I don’t know if you remember the fuckfest that was Fyre, but for some reason it caught my attention at the time, and Matt and I killed a lot of time at “work” gossiping about it. And the dirt was legendary.
Fyre was meant to be a music festival, the first of its kind, a high-end music festival on a private island in the Bahamas. The tickets were outlandishly priced in the thousands upon thousands of dollars, and they got you not just access to a concert, but luxury accommodations, fine dining, and the ability to cavort with bikini-clad super models. The festival was the brainchild of Fyre’s young, maverick CEO Billy McFarland. He had partnered with Ja-Rule to form a company that would make it easier to book musical acts, and what better way to brand a new company than to throw the world’s most IG-worthy, FOMO festival? They went after the young and stupid rich kids through Instagram’s influencers, and they sold out in days thanks to a single promotional video that featured the likes of Bella Hadid and Chanel Iman romping around on white sand beaches and yachts with just enough scraps of swim suit to keep things legal.
But other than knowing how to package things through the heavily filtered lenses of super models, McFarland’s secret was that he’d never been successful at anything before. And he was using finds collected for Fyre to pay off the debts of his last business venture. With just a month before the festival was to begin, not a single shred of work had been done on it. And remember we’re talking a Bahamian island that has no infrastructure or even electricity and plumbing. With the clock ticking, Fyre: The Greatest Party That Never Happened shows McFarland’s despotic tendencies, firing anyone who voiced concerns, and insulating himself with anyone foolish enough to believe in his pipe dream.
Of course it all falls apart in the end. Or rather, it had failed to come together since the beginning. They erected a few hurricane-issued FEMA tents as the “luxury” digs, enough for a only small fraction of attendees, and that’s if they weren’t rain-soaked and slicked with mudslide, which of course they were. There wasn’t enough food. There weren’t enough toilets. And then there wasn’t any music.

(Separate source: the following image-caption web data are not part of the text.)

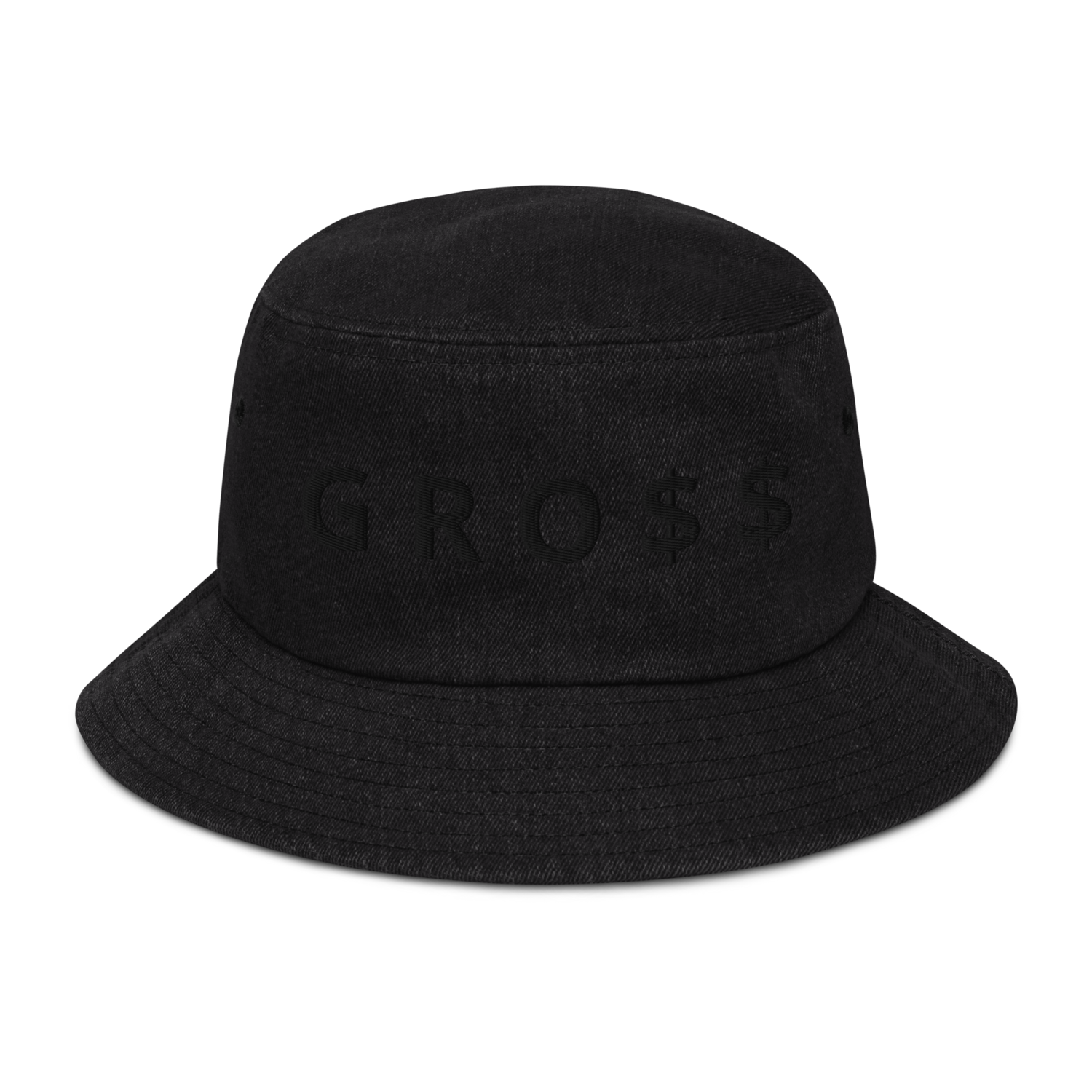 GRO$$ CLASSIC (BLACK) Denim bucket hat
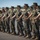 Marine Corps officer candidates conduct close order drill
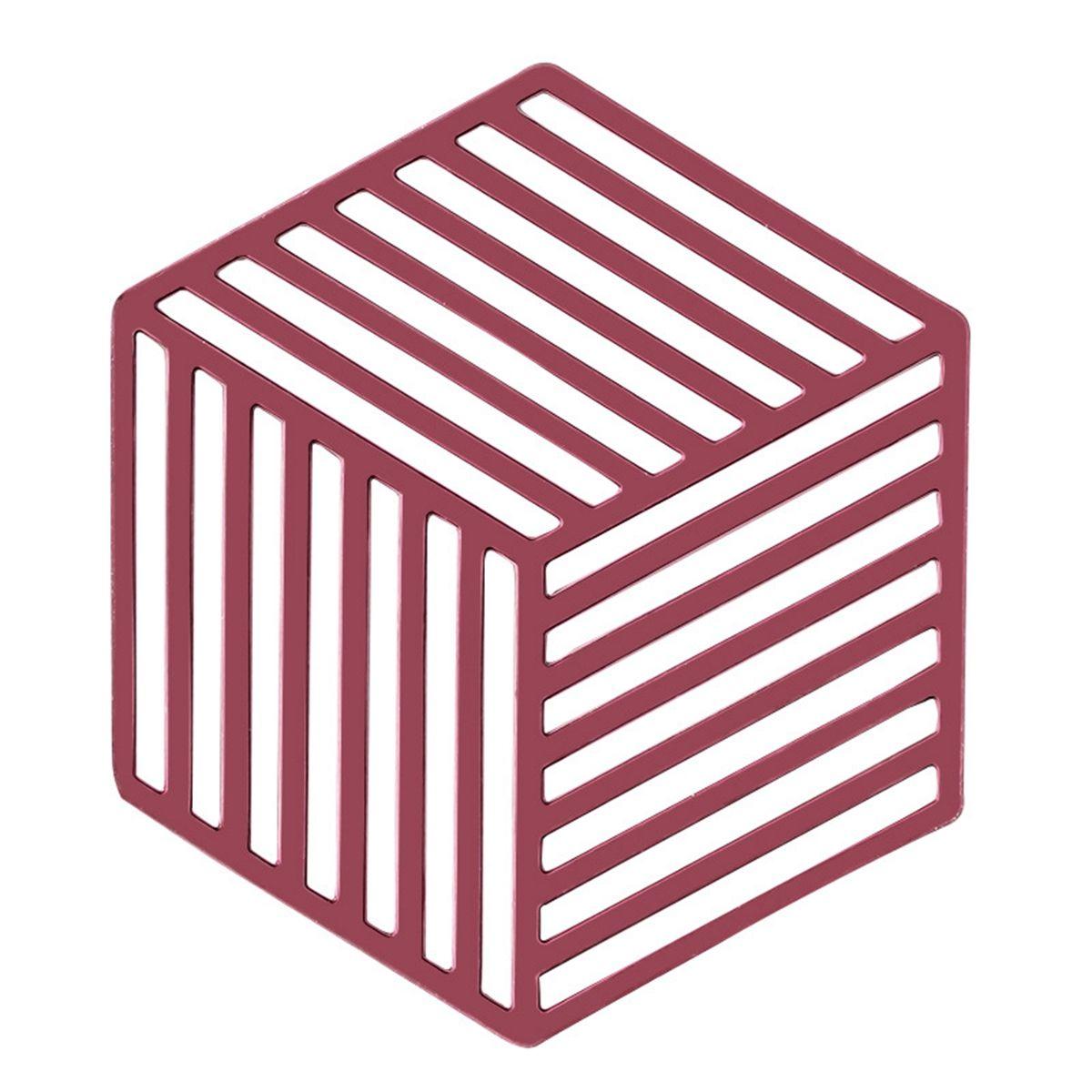 

Creative Insulation Silicone Hollow Geometric Non-slip Hexagon Trivet Mats Coaster Placemat Cup Pad Stripe красный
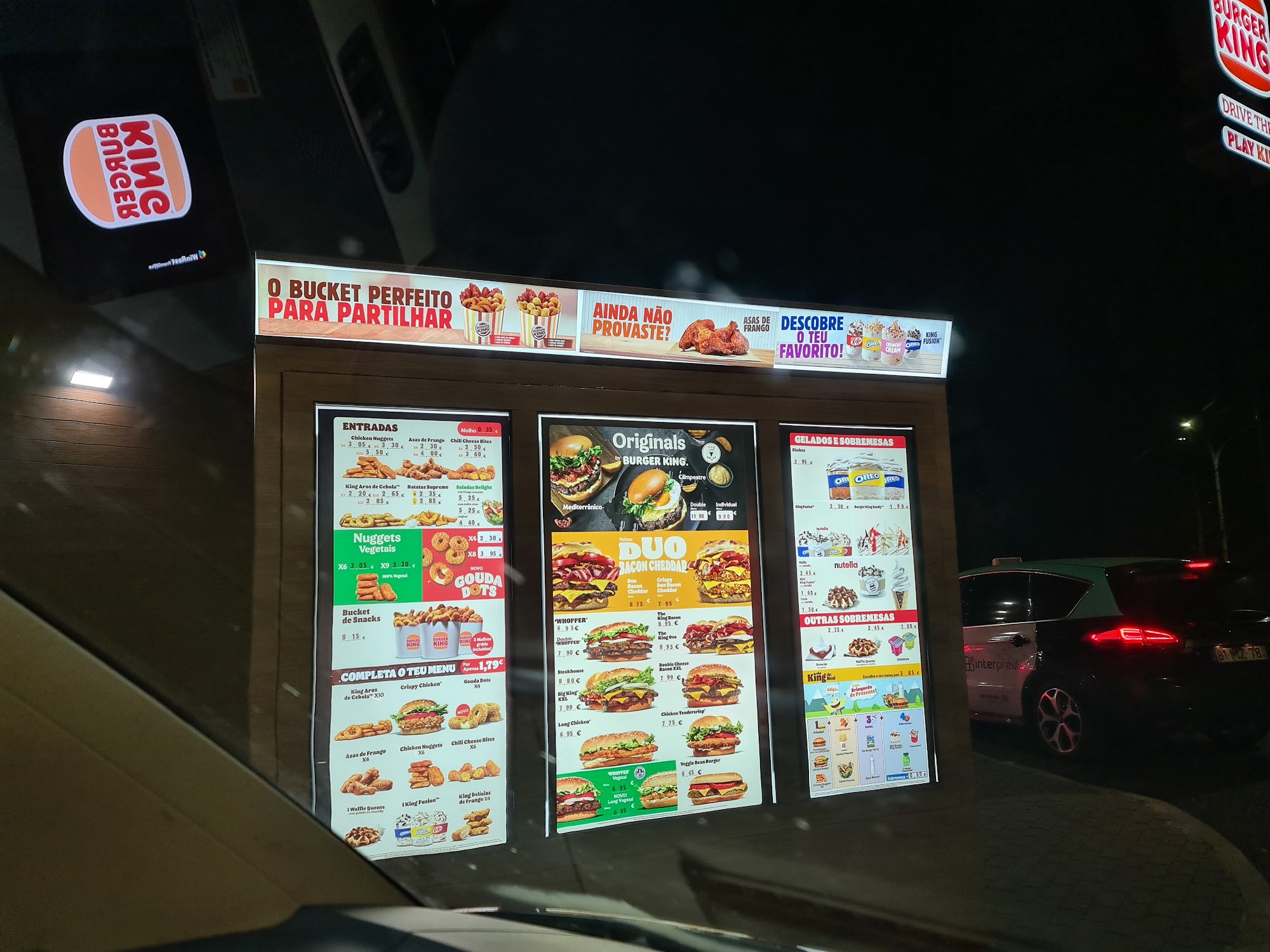 Burger King Drive Covilhã Menu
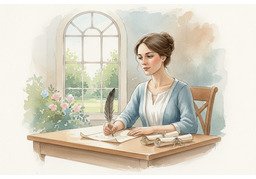 诗人のイラスト
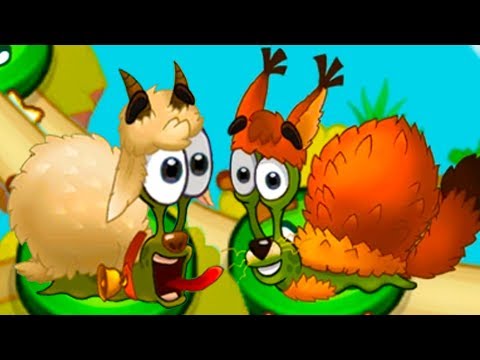Видео: УЛИТКА БОБ 3 - Белочка и Козочка #16 Snail Bob с Кидом на пурумчата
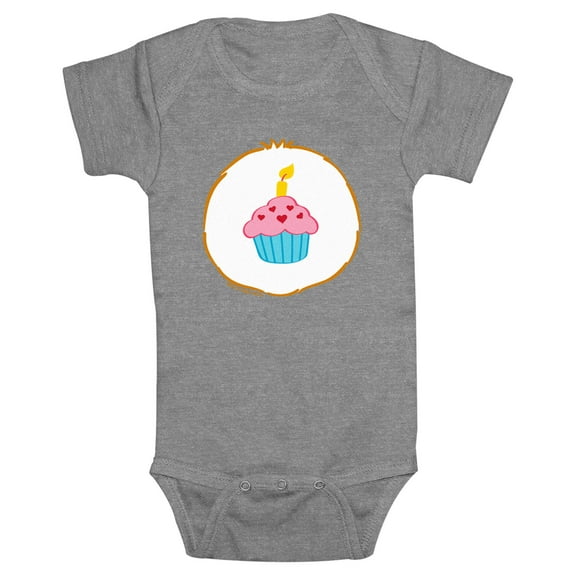 Infant's Care Bears Birthday Bear Belly Badge Bodysuit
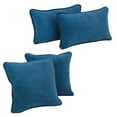 thumbnail image 3 of Blazing Needles Double-corded Solid Microsuede Throw Pillows with Inserts (Set of 4), 3 of 3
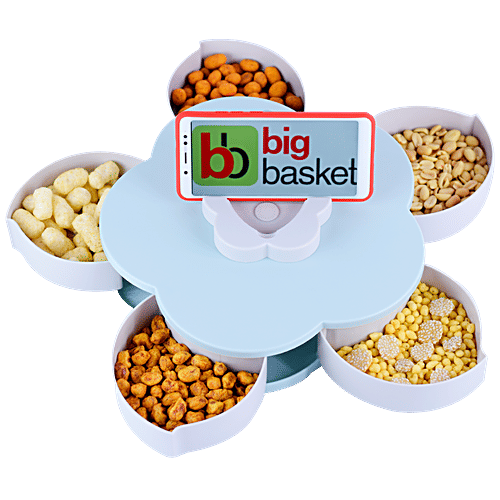 DP Petal-Shaped Rotating Snack Serving Tray - BB1543, 1 pc  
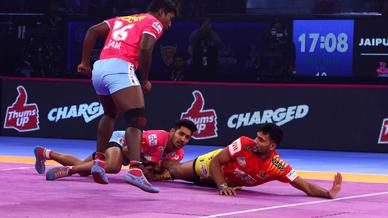 Match 116: Jaipur Pink Panthers vs Gujarat Fortunegiants Match 116: Jaipur Pink Panthers vs Gujarat Fortunegiants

I remember seeing the statement when Blink 182 pulled out, just the day before the festival was meant to begin. They didn’t have faith that the festival could provide them with the necessities for their show. Understatement of the year. They were failing to provide the necessities of life. But they let hundreds of kids arrive anyway, and they were stranded without food or water.
For the rest of us watching from home, it was all kinds of fun to watch their increasingly desperate tweets about the crap food and the chaos. Keep in mind these were the painfully rich, spoiled beyond belief kids, a bunch of entitled millennials with such unfettered access to mommy and daddy’s accounts that they could wantonly spend hundreds of thousands of dollars on a weekend they knew little about. The best thing about it was that it was okay for the rest of us to have absolutely no sympathy for them. This was likely the worst thing that had ever happened to them, and they’re clearly still dining out on the story 2 years later.
Nor do you need any sympathy for McFarland, wanted on charges of fraud. Of course, McFarland hasn’t learned a lesson, the extent of which is revealed in the Netflix original documentary (Hulu has its own doc on the subject, but it’s more montage-driven than interview-driven, so a little less informative). But this documentary has taught me where to expend any welled-up sympathy that I may be hoarding: on the poor Bahamians who worked tirelessly to build a festival from the ground-up and never saw a penny. The scam artist known as McFarland has of course left unpaid bills all over the place, but the only ones you’ll care to see paid are the local Bahamian ones, innocent people taken down by a stupid white boy from New Jersey with an inflated ego and a golden touch. But it takes a village of idiots to go along with it and make it happen. McFarland didn’t act alone.